A data de 2012 foi escolhida porque nesse ano o Congresso americano fará a revisão da lei agrícola. O Executivo dos EUA comprometeu-se a, até lá, negociar com os parlamentares um novo formato para a lei, que ajuste os mecanismos de apoio ao produtor às regras de comércio internacionais. Os EUA aceitaram, enquanto isso, mudanças limitadas nos seus programas de subsídio e de crédito à exportação para produtores de algodão. Concordaram, também, em compensar os prejuízos do Brasil, financiando com US$ 147 milhões anuais, um fundo de apoio aos produtores de algodão no Brasil.
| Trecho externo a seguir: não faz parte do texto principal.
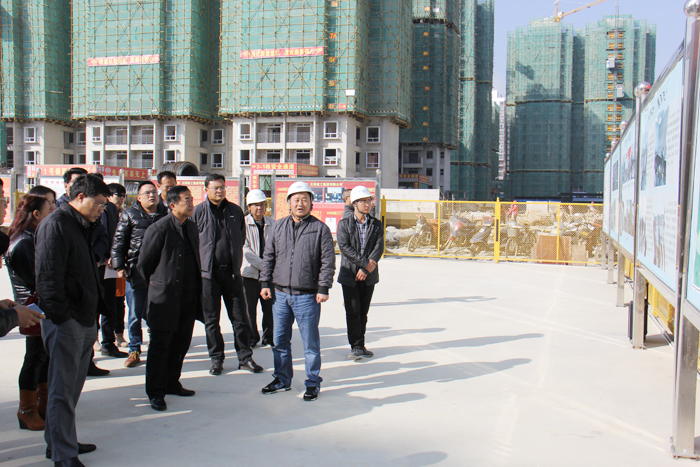 大理市政府考察团到世界杯足球比分预测棚改项目考察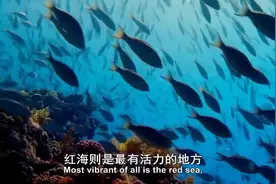 每天地球上超过一万亿吨水被蒸发视频封面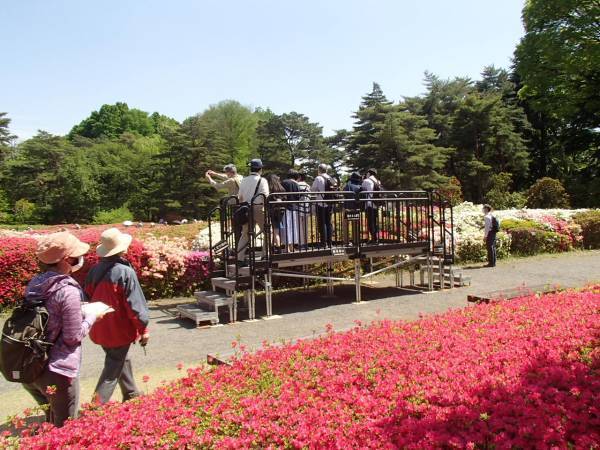 神代植物公園「つつじウィーク」のお知らせ　令和5年４月11日（火）～５月7日（日）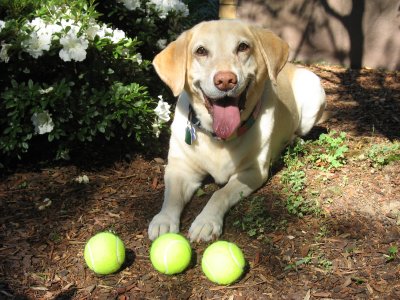 She does love tennis balls.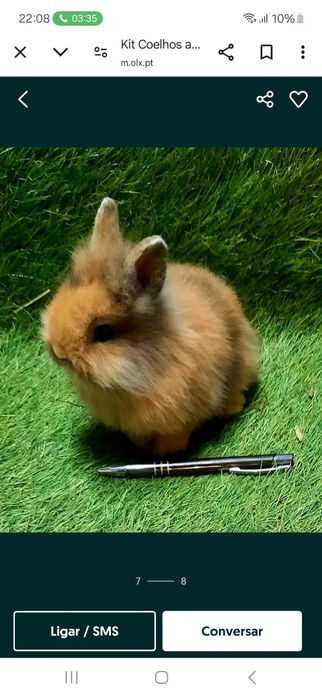 Coelhinhos anões várias raças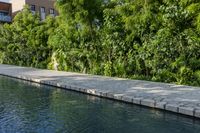 a cement pathway along the edge of a large lake in a tropical country setting with shrubs and trees lining it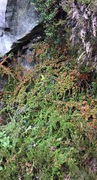 Krypmispel (Cotoneaster horizontalis)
“Estamos convencidos de que não é o melhor acordo, mas é o possível”, comentou o secretário-executivo da Câmara de Comércio Exterior (Camex), Helder Chaves. “A retaliação, no nosso ponto de vista, sempre foi uma maneira de forçar os americanos a tomar as medidas necessárias”, disse um dos principais negociadores brasileiros, o embaixador do Brasil na OMC, Roberto Azevedo. Ele informou que os representantes do setor privado consultados pelo governo viam com preocupação o lançamento de sanções contra os EUA no caso do algodão.
“O que sempre defendemos foi a pressão”, endossou o presidente da Associação Brasileira dos Produtores de Algodão (Abrapa), Haroldo Cunha. “Acredito que haverá mudanças (nos subsídios americanos) ainda que não na dimensão que gostaríamos”, previu. A decisão de financiar com recursos orçamentários americanos um fundo de compensação aos produtores brasileiros já provoca lobby de grupos de contribuintes pela mudança da lei agrícola, acrescentou.
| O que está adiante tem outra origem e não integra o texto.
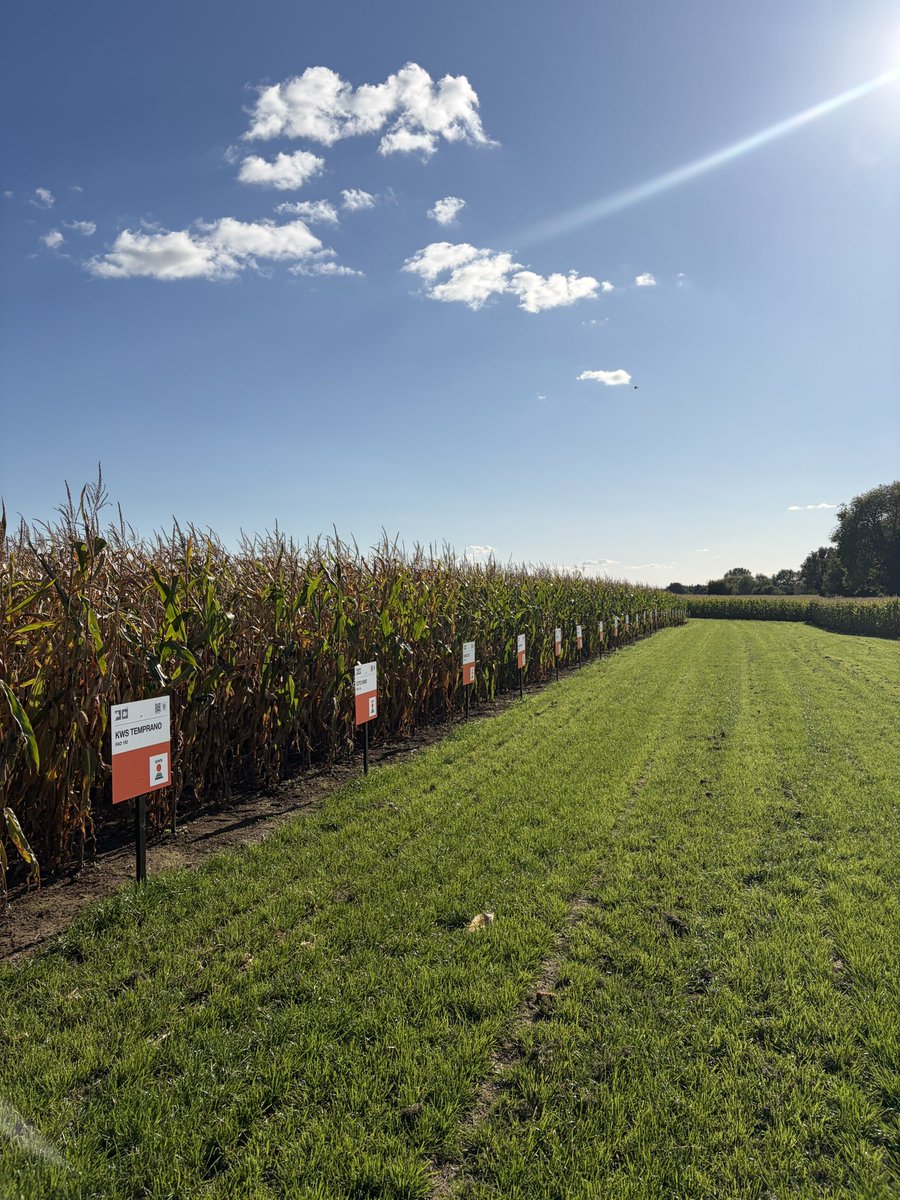 Ryan Hyden tweet media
O fundo para produtores de algodão terá recursos depositados em uma agência do Banco do Brasil nos EUA e deve começar a operar na segunda-feira, previu o diretor do Departamento Econômico do Itamaraty, Carlos Márcio Cozendey. O governo dos EUA se comprometeu ainda a limitar os subsídios ao algodão a níveis inferiores aos aplicados entre 1999 a 2005 e manter consultas trimestrais com o Brasil para discutir como esses limites serão aplicados na futura lei agrícola.
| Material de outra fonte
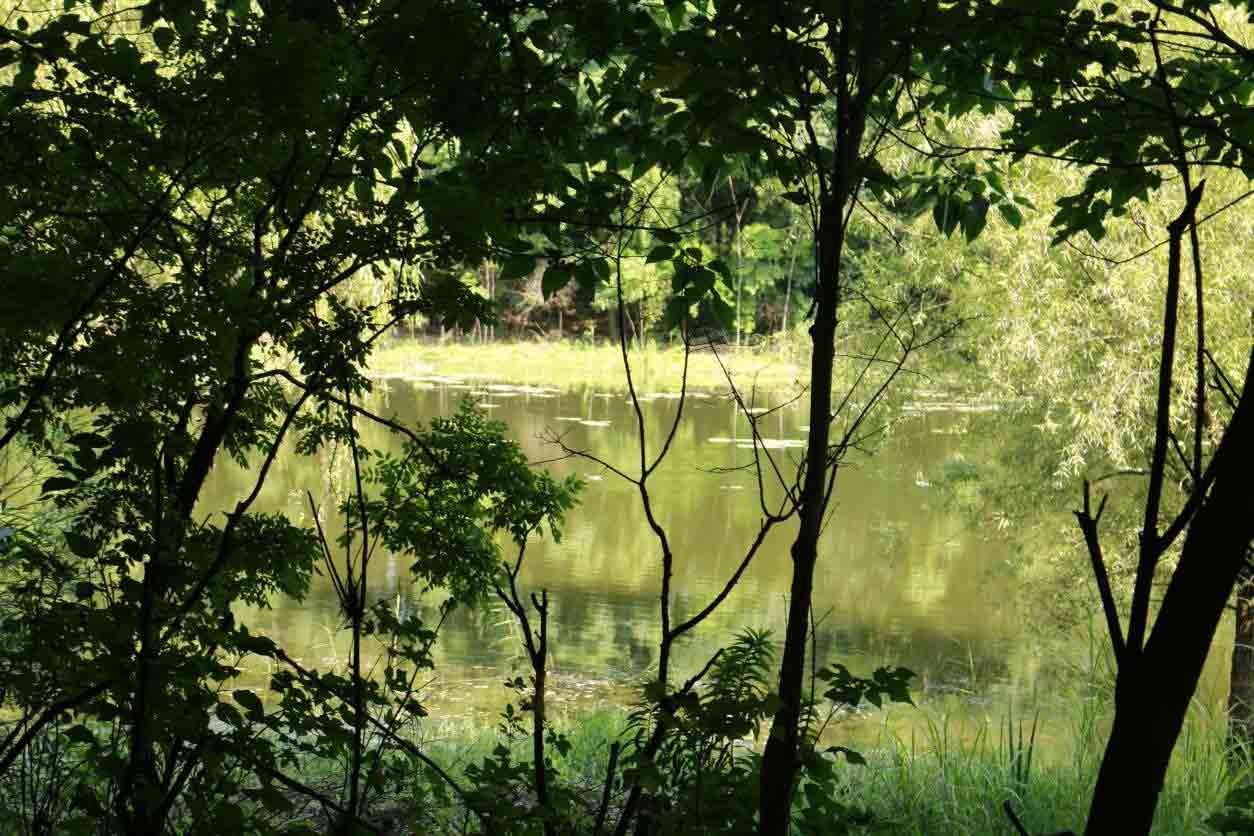 Ȥ��ʪ�أ����ҡ�����Ȼ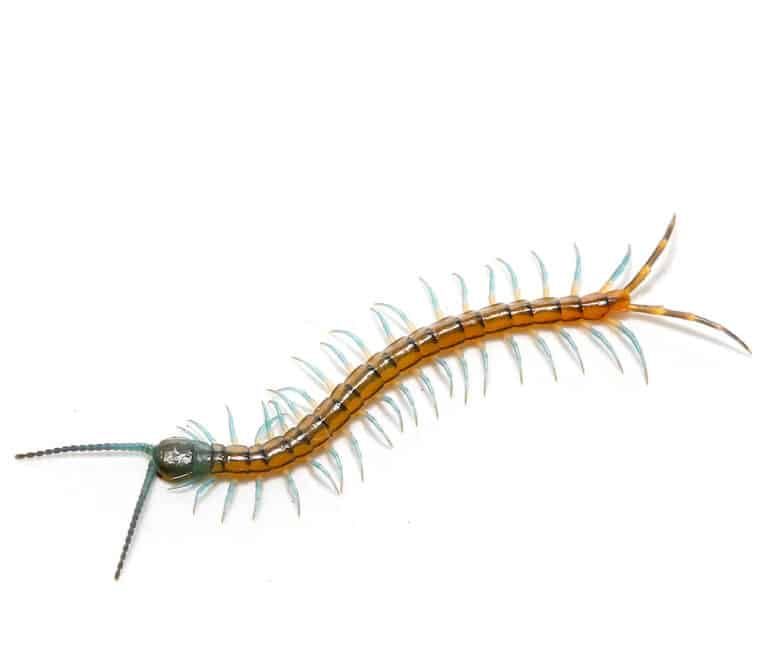 baby-malayan-forest-centipede baby malayan forest centipede e1748251883202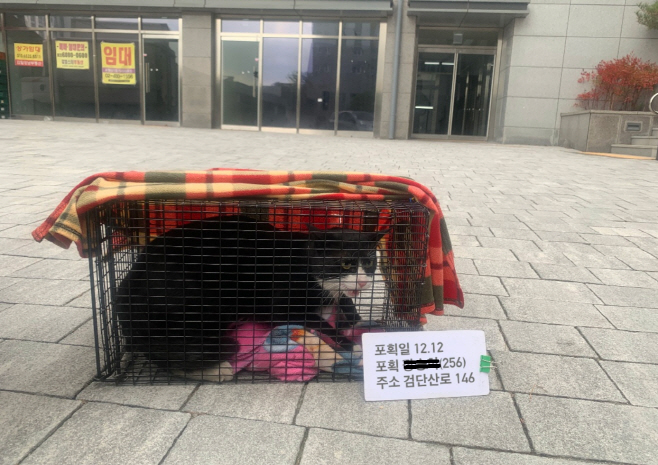 하남시_길고양이방사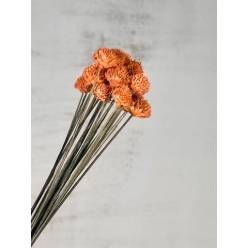 Black Daisy Seco Marron Claro 35cm (20 tallos)
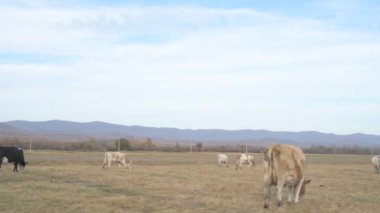 Tarlada otlayan inek portresi. Otlakta ot yiyen bir inek sürüsü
Os EUA decidiram, também, mudar o sistema de crédito à exportação para os cotonicultores, reduzindo gradativamente o prazo de pagamento (médio) dos atuais 22 meses para 16 meses – ainda bem acima, porém, do prazo de seis meses negociado como referência na chamada Rodada Doha de liberalização comercial, na OMC. Sempre que o valor das garantias ultrapassar certos níveis (US$ 1,3 bilhão e US$ 1,5 bilhão) os prêmios de risco cobrados dos americanos beneficiados subirão (11% e 15%, respectivamente).
O governo não abre mão de rever o acordo e aplicar medidas retaliatórias a qualquer momento, alertou Azevedo. “O acordo nos permite continuar a trabalhar para o fim da disputa do algodão”, saudou o Representante Comercial dos EUA, Ron Kirk. “Ele melhora a habilidade dos EUA e do Brasil em aproveitar nossa dinâmica relação comercial.” O secretário de Agricultura, Tom Vilsack, disse que o acordo permitirá aos EUA evitar sanções e manter seus programas agrícolas enquanto faz ajustes e adapta a futura lei agrícola.
A solução foi criticada, porém, por um dos principais especialistas no assunto, Pedro Camargo Neto, um dos mentores do processo contra os EUA na OMC. Para ele, o governo perdeu a oportunidade, em abril, de arrancar mais concessões dos EUA e não conseguiu o principal objetivo de reduzir significativamente os subsídios agrícolas ao algodão. A associação do setor concordou porque terá o dinheiro do fundo concedido pelos americanos, disse o economista.